In our last post, we said we’d talk about Narrative – the big “N” – so here it is.  We all know what narrative means in a literary sense; it’s a story; it’s telling a story; it’s “a series of connecting events” (says the Apple dictionary app).  We best associate it with novels and fiction.

For Project X, we don’t mean that kind of narrative.  Well, sort of.  But not exactly.  When narrative jumps off the page and into life, when we start to talk about narratives as they exist in our lives and our culture, it gets a little bit more… tricky.

One significant reason is, in life, narratives have more than one author, they expand and spread, no longer told by one person to another, but perpetuated by and existing within social fabrics and cultural constructions. They become creatures we may have created but no longer control.


It’s like a Choose Your Own Adventure Book.  You may be choosing which page to turn to, but the choices available have already been limited for you by the narrative of the Adventure. There are only certain options at each fork in the road.

What, exactly, are these narratives as we mean them here? What do they look like? To flesh them out, we decided it’s easiest to start with examples.

Most of us have a family.  Whether it’s a Mom, a Dad, and some siblings, two Moms, two Dads, divorced, separated, single parents, adopted or step-siblings, the friends who are there for us more than “blood-relations” – we’ve got it.  Yet, we also all know what the “perfect family” is supposed to be like it.  A Mom, A Dad, a white picket fence, vacations & a station wagon. Two-point-five kids.


But that perfect family does not typically exist.  We all know that, too.  Even families that appear perfect from the outside… never are on the inside. The point is, our culture tells us a story about what a family is supposed to look like, regardless of how rooted in reality that is. In spite of that, it also provides a bar with which to measure the family you’ve got.
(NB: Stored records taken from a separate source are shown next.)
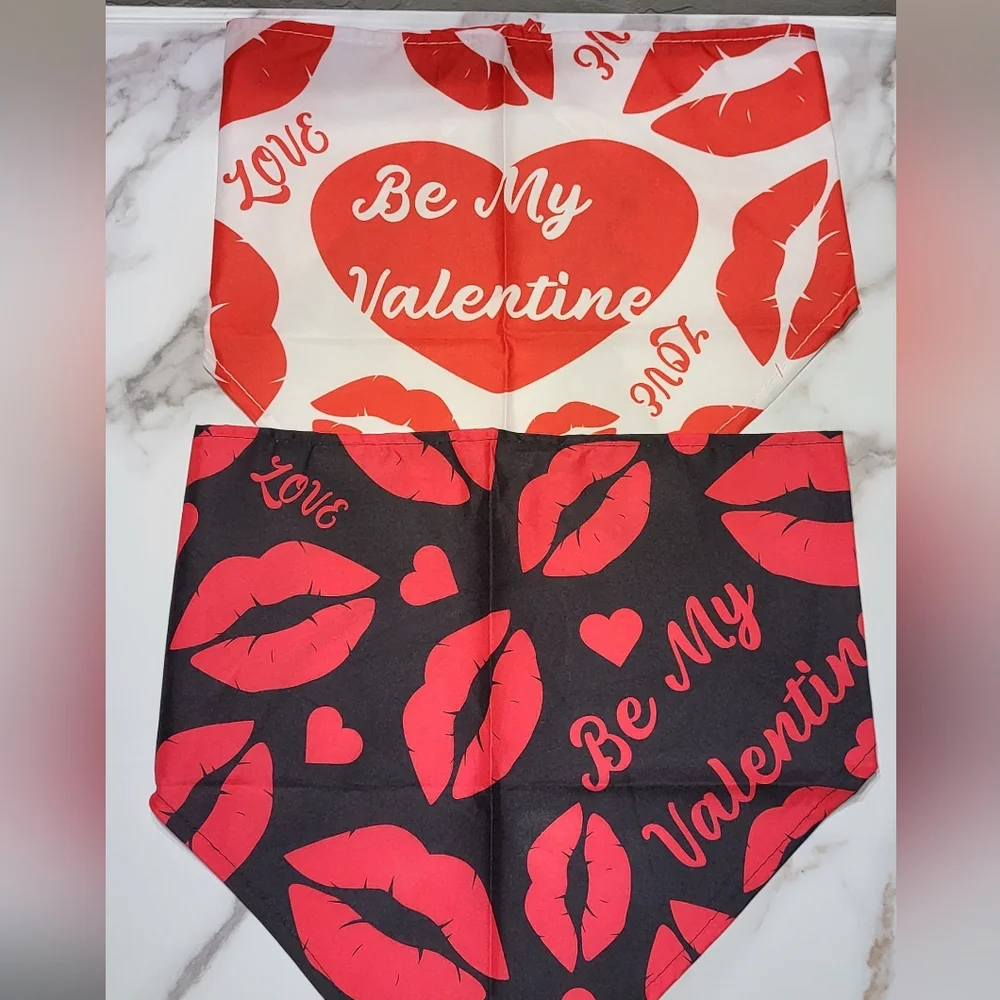 Peutier NWOT 4 Pack Valentine's Day Themed Pet Dog Bandanas- One Size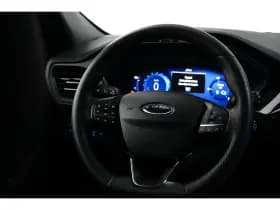Ford Kuga thumbnail 11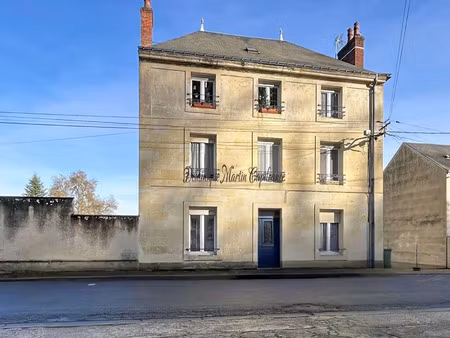 immeuble à vendre la chartre sur le loir 12 pièce(s) 226m2 233 200€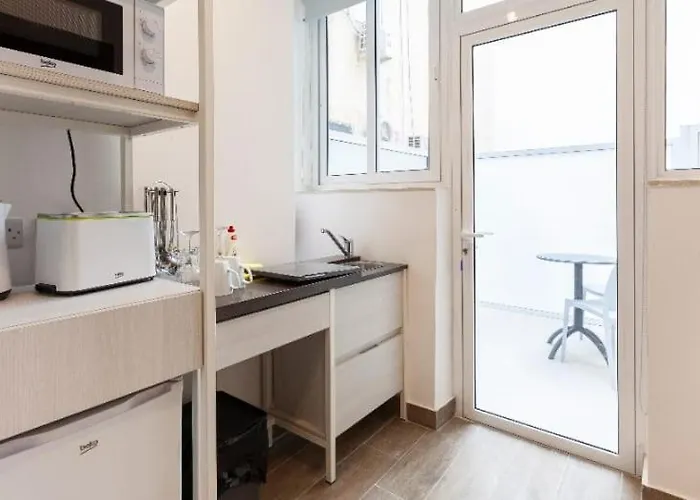 Διαμέρισμα Well Located 12 With Kitchen And Backyard Saint Julian's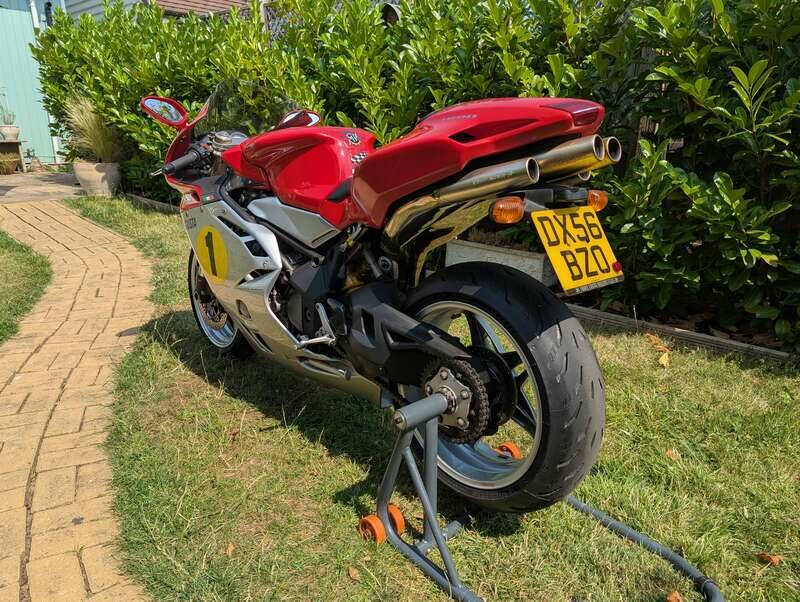 Bild 13/24 von MV Agusta DUMMY (2006)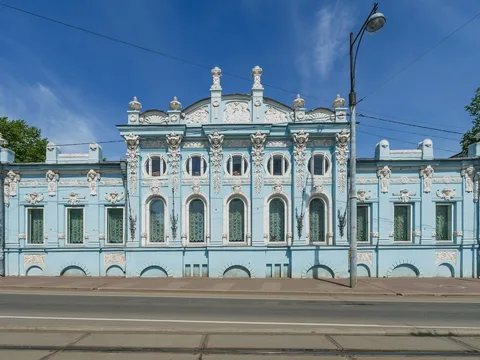 Автопешеходная экскурсия «Пермь через призму литературы»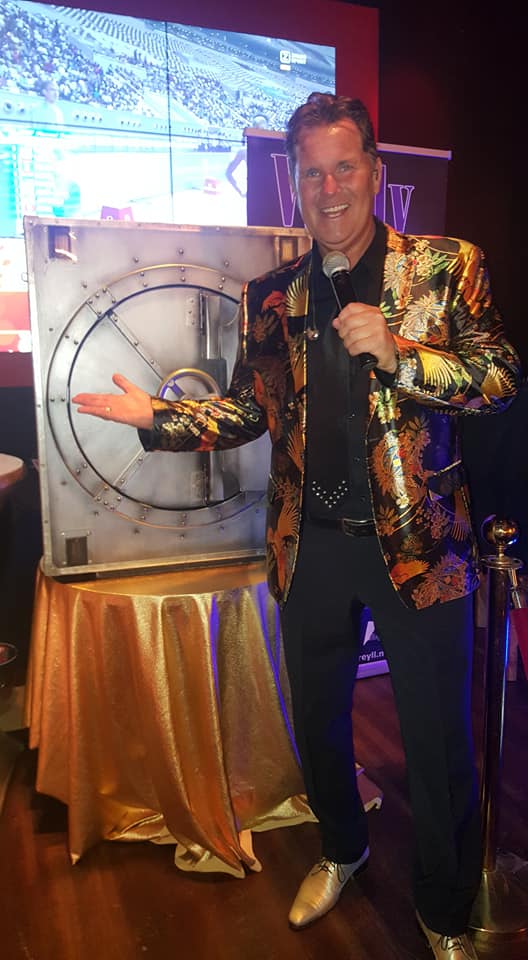 Johnny Valentino a.k.a. Wally Preyll allround entertainer, www.johnnyvalentino.eu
Another way we tell narratives is around relationships. Ask any single person over a certain age if a committed relationship or marriage is critical to feeling like their life has been successful. The flip side, of course, is that prior to ”that age,” the narrative is “have fun! you’re young!” and “it’s only puppy love!”
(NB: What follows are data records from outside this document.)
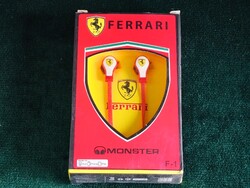 Monster Ferrari F-1 fülhallgató ritkaság gyűjtőknek bontott dobozban (2010-20').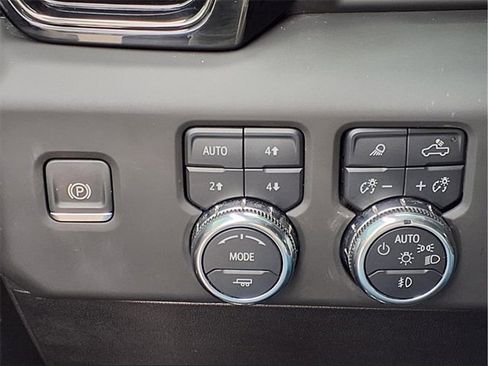 Used 2025 GMC Sierra 2500 AT4 w/ AT4 Premium Plus Package image 18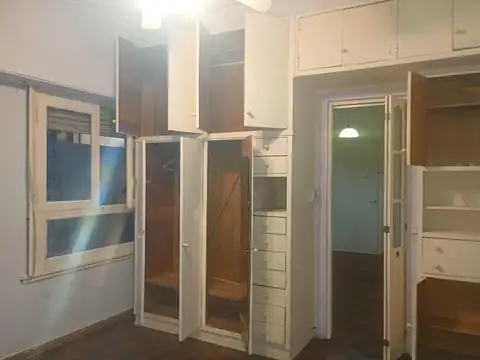 Depto Tipo Casa en Venta 56 años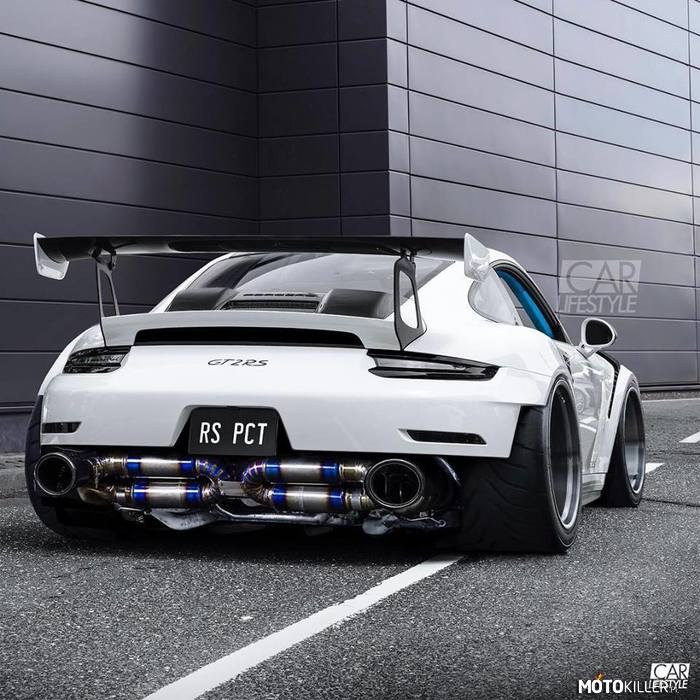 Porsche GT2 RS –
It’s not just finding a committed relationship, its also about keeping it. Because true love lasts forever, right?  And while we’re at it…marriage is only between a man and a woman. Which means, duh, that anyone outside heteronormativity is, well, SOL.

Now, one of these things, or all of these things, probably feels and sounds wrong to you – and you’d be right. These things are not necessarily reality, but they are narratives in our culture. Do they apply to everyone? Hell nah. But – we all feel their presence – and their pressure.

We’re not saying that narratives don’t play an important part in society – they do.  Just like you don’t have to philosophize about whether or not you should brush your teeth every morning, narratives (much like stereotypes & clichés) help us work through & manage our daily lives by knowing what the “norm” is.  BUT we need to see them for what they are: stories we tell ourselves about how we act, what we say, how we treat and view others. Our narratives also explain who is acceptable in society, and who is not. Who is like us, and therefore ok, and who is The Other. It’s in the story that the best family is Mom, Dad, and kids, and that a good relationship is a till-death-didya-part marriage. The narrative that the gender binary is essential to the human experience. It’s in the homophobia of straights, and the transphobia and biphobia of gays and lesbians. All of these marginalize anyone who doesn’t quite fit, who is outside the norm.

See, narratives are supposedly about the general human experience of all people in a culture. They pretend to be cultural nonfiction. But they aren’t.  Narratives are cultural half-truths, fictions, structures, & characters that are made up and very often perpetuate beyond our control or our vision.  They may have roots in stories or characters told by people to other people,  but then, the characters and stories…they took over for themselves. And, because we often accept them as a cultural nonfiction, our narratives are doing the talking; suddenly they’re directing our behaviors.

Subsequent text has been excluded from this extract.